▸ What you are asked to do
The answer must consist only of the lines in the records below from the line with "Garmin R10 SOFTWARE" to the line with "20.10.24 in St. Gallen", both included, copied word for word with every picture left out.

Records from a collection:
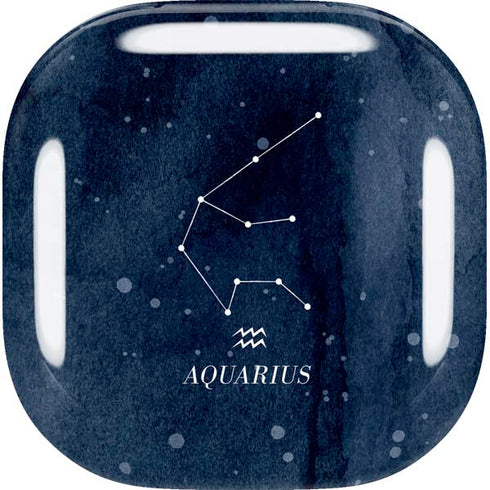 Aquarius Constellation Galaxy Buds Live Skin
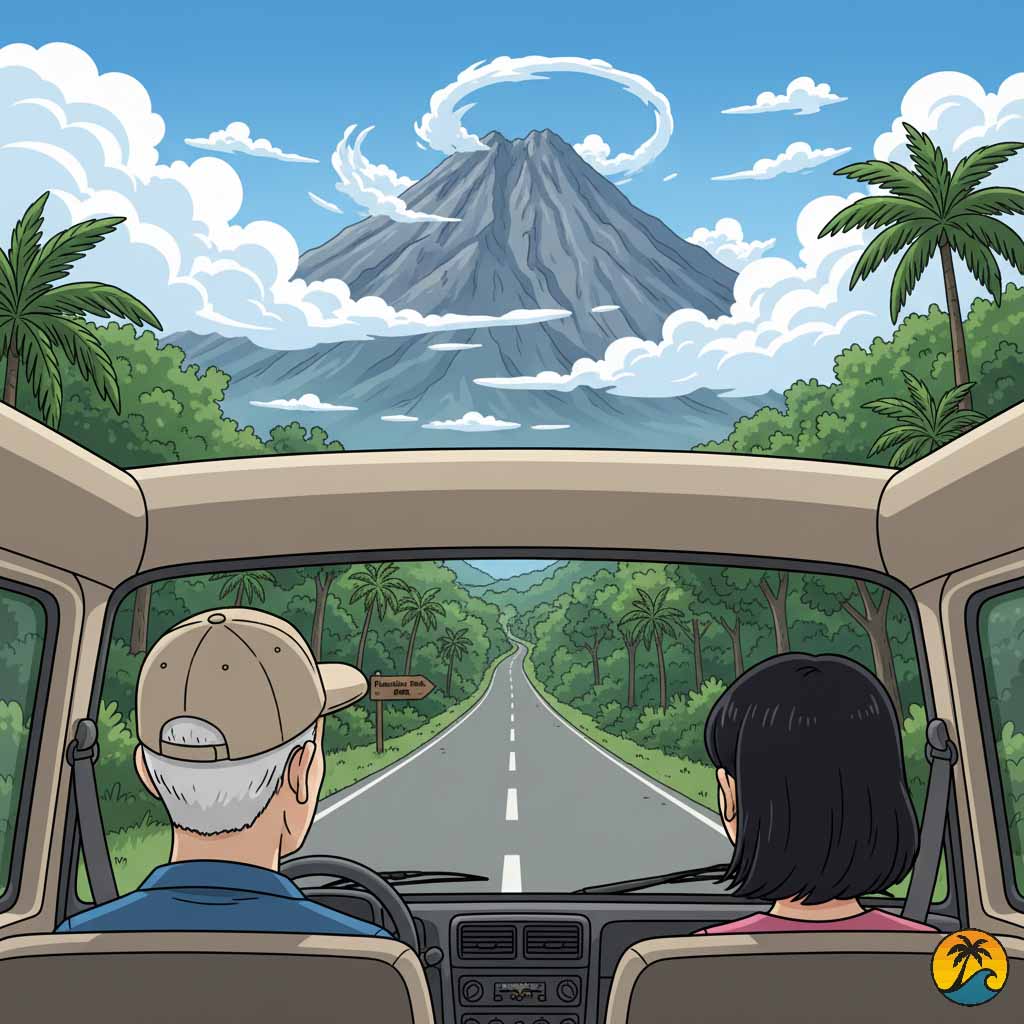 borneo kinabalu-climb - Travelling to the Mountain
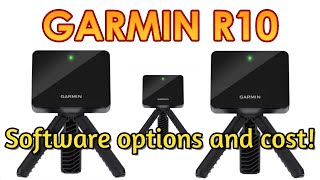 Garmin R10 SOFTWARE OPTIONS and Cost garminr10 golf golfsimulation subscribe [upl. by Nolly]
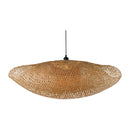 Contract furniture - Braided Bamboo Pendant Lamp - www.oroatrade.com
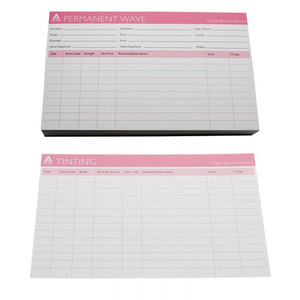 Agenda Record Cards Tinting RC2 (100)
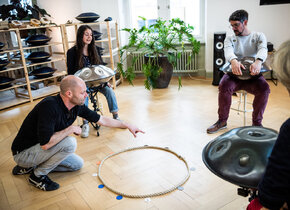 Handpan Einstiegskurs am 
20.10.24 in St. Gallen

...

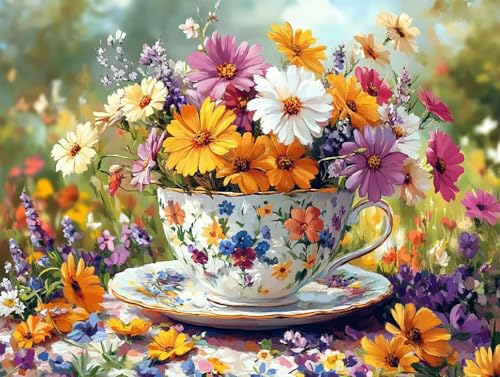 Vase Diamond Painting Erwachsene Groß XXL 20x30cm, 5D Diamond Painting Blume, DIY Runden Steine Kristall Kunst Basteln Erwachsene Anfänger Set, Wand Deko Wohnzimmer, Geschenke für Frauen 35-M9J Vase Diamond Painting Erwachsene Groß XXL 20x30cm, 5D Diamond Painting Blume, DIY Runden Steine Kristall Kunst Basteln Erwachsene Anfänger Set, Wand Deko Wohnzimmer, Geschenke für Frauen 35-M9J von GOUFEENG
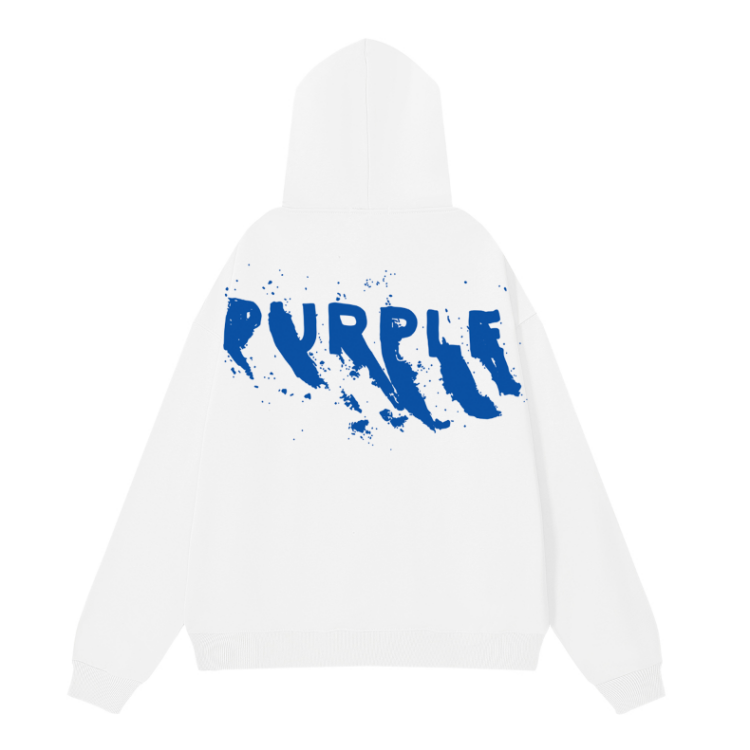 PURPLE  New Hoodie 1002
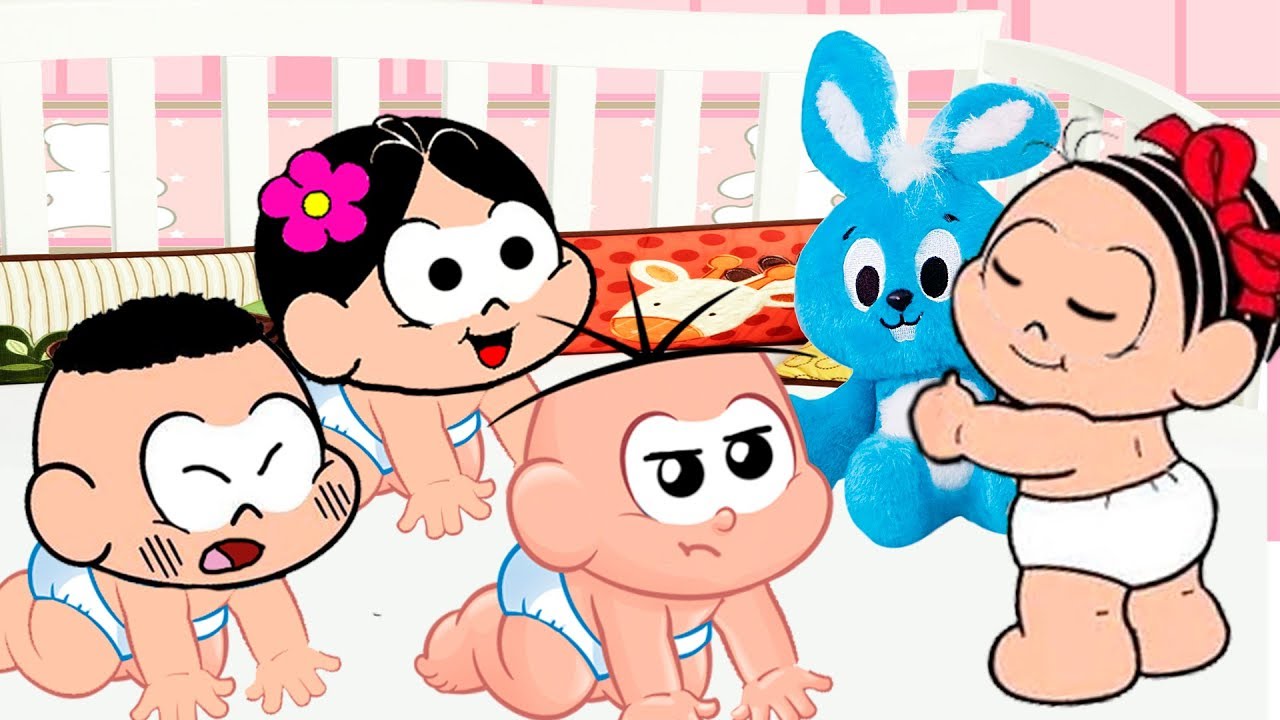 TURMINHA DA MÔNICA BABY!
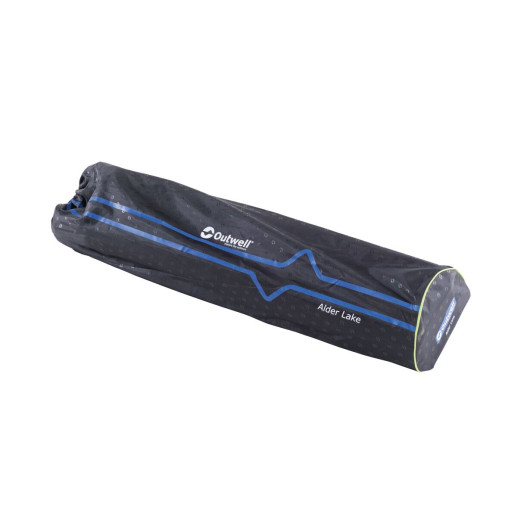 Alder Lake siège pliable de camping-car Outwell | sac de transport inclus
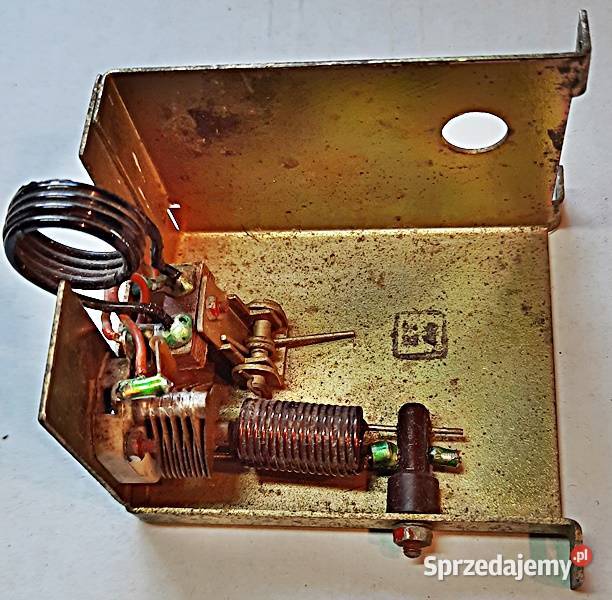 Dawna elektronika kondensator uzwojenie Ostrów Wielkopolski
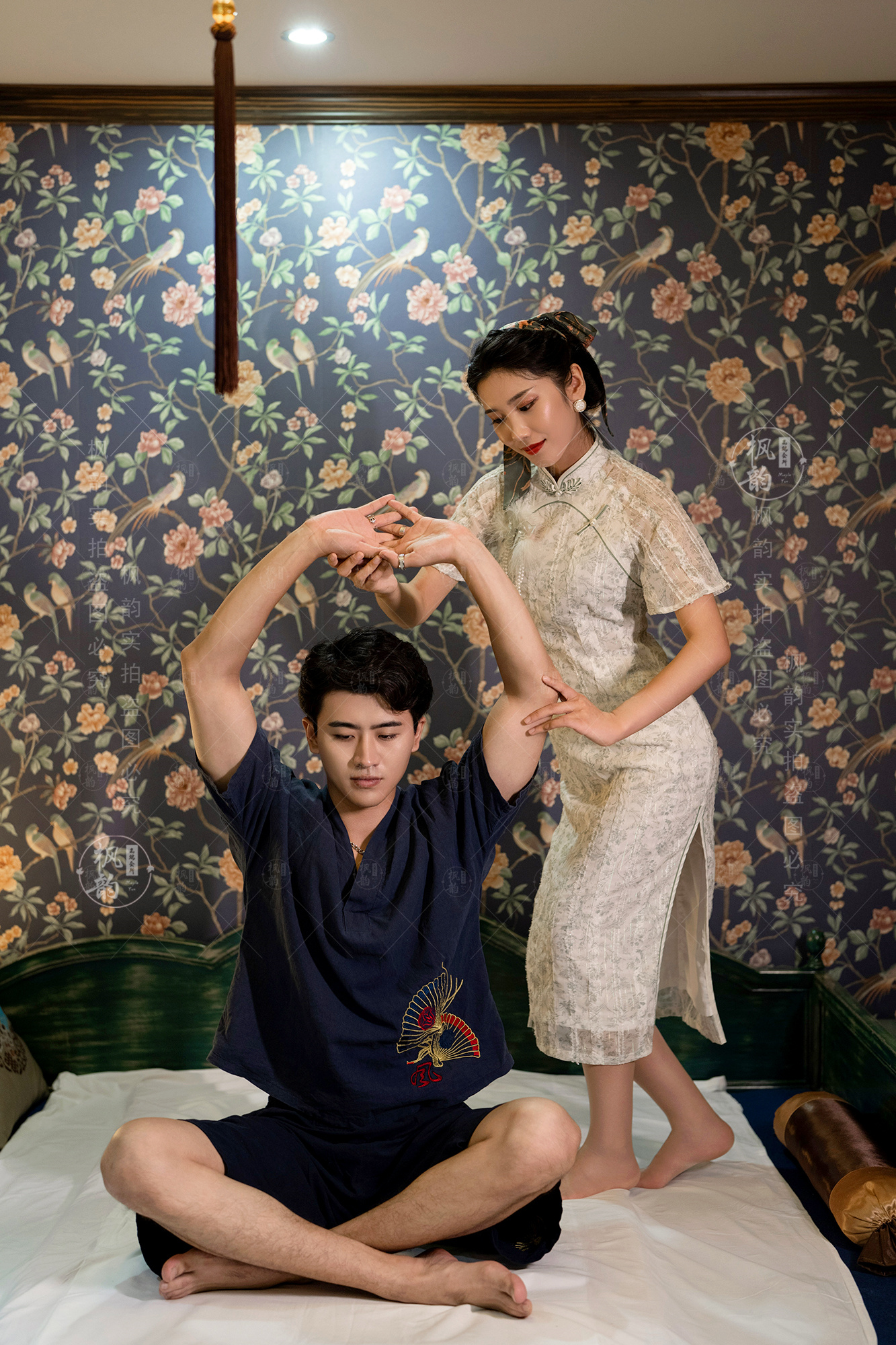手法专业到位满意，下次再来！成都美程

* * *

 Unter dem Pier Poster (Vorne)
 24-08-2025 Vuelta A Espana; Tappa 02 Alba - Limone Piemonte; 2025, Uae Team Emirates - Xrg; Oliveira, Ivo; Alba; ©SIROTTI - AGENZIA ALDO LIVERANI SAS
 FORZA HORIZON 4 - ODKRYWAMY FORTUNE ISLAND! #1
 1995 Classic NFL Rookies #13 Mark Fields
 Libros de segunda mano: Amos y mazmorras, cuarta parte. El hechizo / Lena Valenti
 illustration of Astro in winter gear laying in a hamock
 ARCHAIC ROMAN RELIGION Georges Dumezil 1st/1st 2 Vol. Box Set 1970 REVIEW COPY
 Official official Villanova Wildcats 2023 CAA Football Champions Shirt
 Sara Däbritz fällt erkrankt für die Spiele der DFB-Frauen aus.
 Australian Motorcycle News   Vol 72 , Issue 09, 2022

▸ Finished exercise
 Garmin R10 SOFTWARE OPTIONS and Cost garminr10 golf golfsimulation subscribe [upl. by Nolly]
 Contract furniture - Braided Bamboo Pendant Lamp - www.oroatrade.com
 Agenda Record Cards Tinting RC2 (100)
 Handpan Einstiegskurs am 
20.10.24 in St. Gallen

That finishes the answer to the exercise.